Alla luce di detti criteri, si deve rilevare che la regolamentazione relativa all' indennità transitoria di fine mandato a favore dei deputati del Parlamento europeo, nonché i singoli atti di applicazione della stessa regolamentazione producono effetti giuridici che esulano dall' organizzazione interna dei lavori dell' istituzione, in quanto essi incidono sulla situazione patrimoniale del deputato all' atto della cessazione delle sue funzioni.
E' quindi ricevibile il ricorso per annullamento proposto dal parlamentare interessato avverso detto atto di applicazione.

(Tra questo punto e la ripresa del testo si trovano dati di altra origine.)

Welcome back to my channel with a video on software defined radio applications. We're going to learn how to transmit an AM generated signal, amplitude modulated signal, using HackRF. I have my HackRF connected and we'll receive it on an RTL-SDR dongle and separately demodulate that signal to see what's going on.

2. La nozione di "fine mandato" figurante nella regolamentazione relativa all' indennità transitoria di fine mandato a favore dei deputati del Parlamento europeo deve, alla luce delle varie versioni linguistiche della regolamentazione, del suo contesto e del suo obiettivo, essere interpretata nel senso che essa riveste un' accezione neutra e riguarda tutti i casi di cessazione del mandato.

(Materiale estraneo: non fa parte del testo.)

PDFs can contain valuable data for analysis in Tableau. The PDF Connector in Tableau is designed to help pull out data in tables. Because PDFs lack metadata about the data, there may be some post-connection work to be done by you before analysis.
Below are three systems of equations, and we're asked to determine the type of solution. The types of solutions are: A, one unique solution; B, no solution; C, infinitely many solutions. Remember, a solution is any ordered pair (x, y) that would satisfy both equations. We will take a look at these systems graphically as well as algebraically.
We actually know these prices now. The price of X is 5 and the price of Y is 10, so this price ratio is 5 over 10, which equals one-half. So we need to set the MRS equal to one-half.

Poiché si tratta di un atto che comporta implicazioni finanziarie, il Parlamento non può, in quanto autore dell' atto stesso e mediante un' interpretazione successiva che voglia definirsi autentica, restringerne la portata a danno dei potenziali beneficiari, senza contravvenire al principio della certezza del diritto.
Parti
Nella causa C-314/91,
Beate Weber, rappresentata dall' avv. Wolfgang Heinz, del foro di Heidelberg, con domicilio eletto in Lussemburgo presso l' avv. Aloyse May, 31, Grand-rue,
ricorrente,
contro
Parlamento europeo, rappresentato dal signor Jorge Campinos, giureconsulto, assistito dal signor Johann Schoo, membro del servizio giuridico, in qualità di agenti, con domicilio eletto presso il segretariato generale del Parlamento europeo, Kirchberg,
convenuto,
avente ad oggetto la domanda diretta all' annullamento della decisione 2 ottobre 1991 con cui il Parlamento europeo ha negato alla signora Beate Weber l' assegnazione di un' indennità transitoria di fine mandato,
LA CORTE,
composta dai signori O. Due, presidente, C.N. Kakouris, M. Zuleeg e J.L. Murray, presidenti di sezione, G.F. Mancini, F.A. Schockweiler, J.C. Moitinho de Almeida, M. Diez de Velasco e P.J.G. Kapteyn, giudici,
avvocato generale: W. Van Gerven
cancelliere: H.A. Ruehl, amministratore principale
vista la relazione d' udienza,
sentite le difese orali svolte dalle parti all' udienza del 1 dicembre 1992,
sentite le conclusioni dell' avvocato generale, presentate all' udienza del 13 gennaio 1993,
ha pronunciato la seguente
Sentenza
Motivazione della sentenza
1 Con atto introduttivo depositato nella cancelleria della Corte il 5 dicembre 1991, la signora Beate Weber, ex deputato presso il Parlamento europeo (in prosieguo: il "Parlamento"), ha proposto, ai sensi dell' art. 173, secondo comma, del Trattato CEE, un ricorso diretto all' annullamento della decisione 2 ottobre 1991 con cui il Parlamento ha negato alla ricorrente l' assegnazione di un' indennità transitoria di fine mandato e alla condanna del Parlamento a versare alla ricorrente stessa un' indennità transitoria per il periodo di undici anni durante il quale essa era stata membro del Parlamento.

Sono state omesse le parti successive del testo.